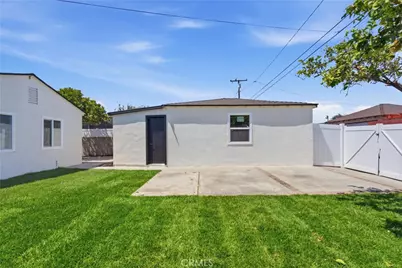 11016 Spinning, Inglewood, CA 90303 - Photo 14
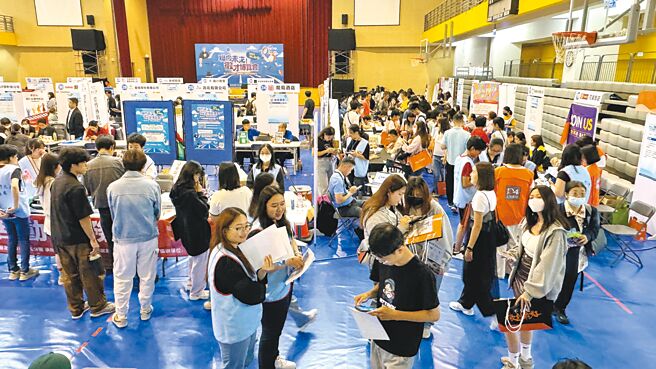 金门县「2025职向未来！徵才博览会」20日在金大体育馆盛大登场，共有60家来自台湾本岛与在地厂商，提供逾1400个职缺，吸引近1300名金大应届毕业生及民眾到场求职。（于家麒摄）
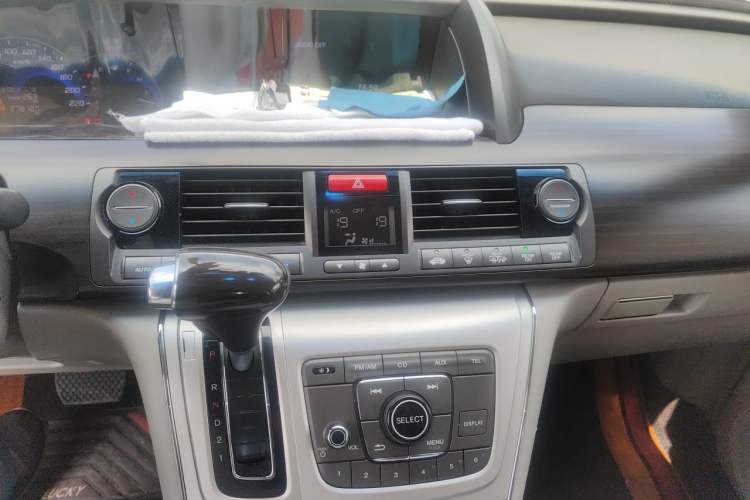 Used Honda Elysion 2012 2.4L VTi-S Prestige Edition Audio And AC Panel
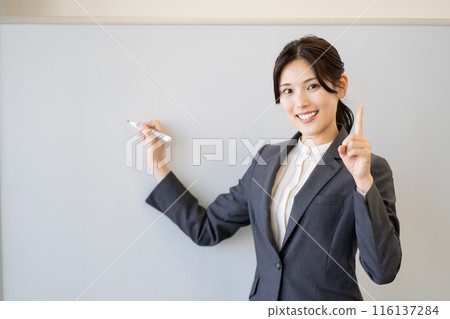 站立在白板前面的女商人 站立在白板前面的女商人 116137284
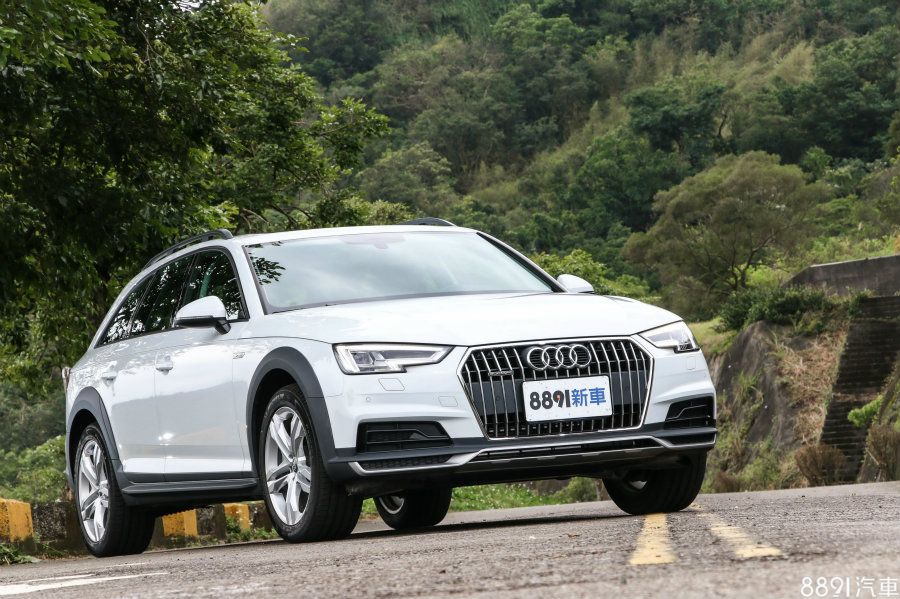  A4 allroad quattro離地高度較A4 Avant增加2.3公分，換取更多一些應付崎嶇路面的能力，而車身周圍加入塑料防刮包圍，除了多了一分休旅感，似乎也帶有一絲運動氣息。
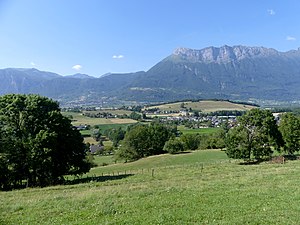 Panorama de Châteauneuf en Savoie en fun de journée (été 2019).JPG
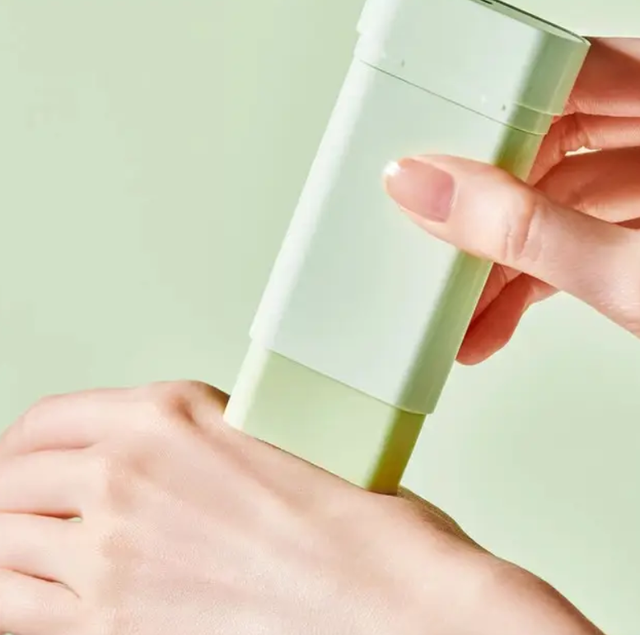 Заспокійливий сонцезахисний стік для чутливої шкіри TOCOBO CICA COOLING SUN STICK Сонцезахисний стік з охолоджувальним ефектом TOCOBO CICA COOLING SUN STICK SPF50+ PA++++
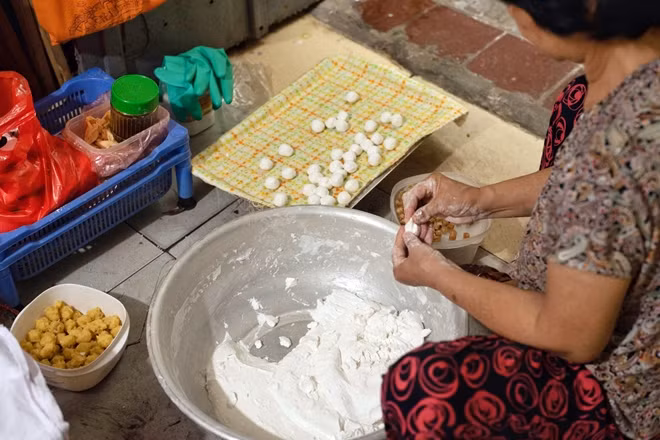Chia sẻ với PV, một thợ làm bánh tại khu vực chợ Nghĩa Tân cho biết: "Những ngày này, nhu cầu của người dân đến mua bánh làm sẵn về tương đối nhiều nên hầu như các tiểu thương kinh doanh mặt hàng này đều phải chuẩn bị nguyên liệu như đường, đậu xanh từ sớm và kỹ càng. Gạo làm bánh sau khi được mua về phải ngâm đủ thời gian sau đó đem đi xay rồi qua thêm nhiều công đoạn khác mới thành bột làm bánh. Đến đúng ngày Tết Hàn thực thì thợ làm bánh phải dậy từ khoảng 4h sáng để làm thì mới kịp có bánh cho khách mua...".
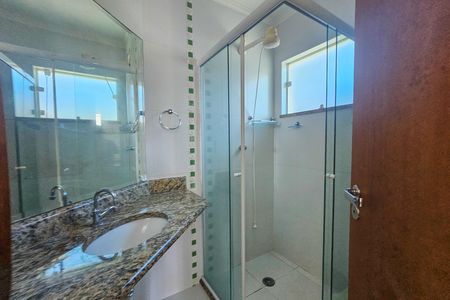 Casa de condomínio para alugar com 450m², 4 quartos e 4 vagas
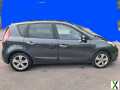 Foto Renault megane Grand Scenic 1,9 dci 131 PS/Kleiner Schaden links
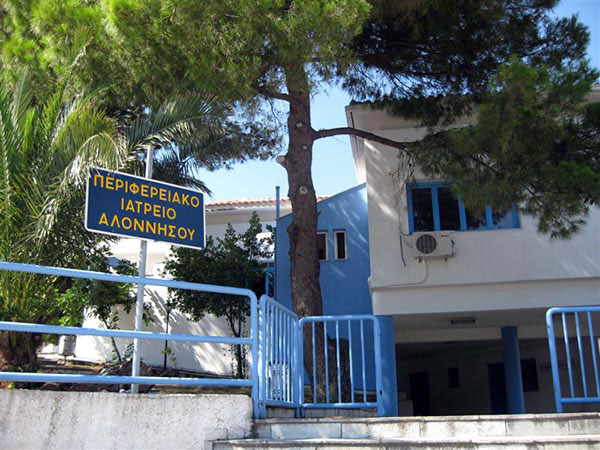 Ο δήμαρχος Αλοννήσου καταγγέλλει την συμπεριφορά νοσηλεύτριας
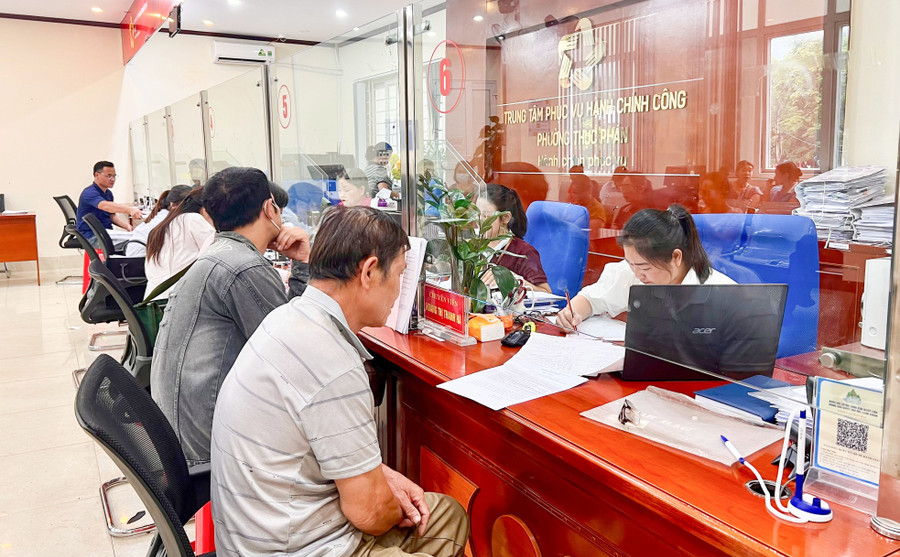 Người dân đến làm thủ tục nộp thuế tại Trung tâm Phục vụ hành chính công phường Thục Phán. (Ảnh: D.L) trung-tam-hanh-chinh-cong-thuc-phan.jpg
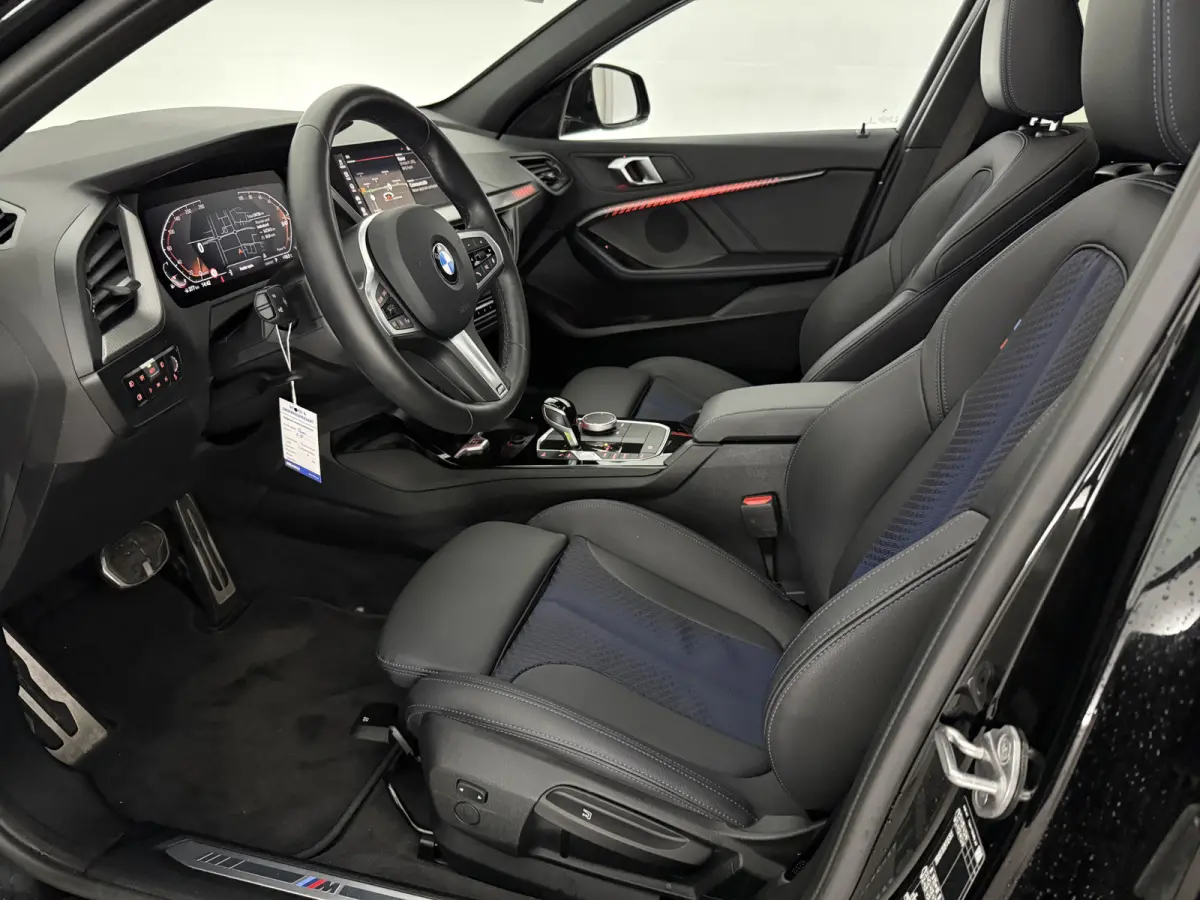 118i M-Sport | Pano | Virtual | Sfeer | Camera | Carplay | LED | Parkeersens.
:::
AIM OF THE TASK:
When you reach the line with "站立在白板前面的女商人 站立在白板前面的女商人 116137284" in the records above, begin repeating the lines exactly, and stop after the line with "Panorama de Châteauneuf". Skip all pictures.

COMPLETED TASK:
 站立在白板前面的女商人 站立在白板前面的女商人 116137284
  A4 allroad quattro離地高度較A4 Avant增加2.3公分，換取更多一些應付崎嶇路面的能力，而車身周圍加入塑料防刮包圍，除了多了一分休旅感，似乎也帶有一絲運動氣息。
 Panorama de Châteauneuf en Savoie en fun de journée (été 2019).JPG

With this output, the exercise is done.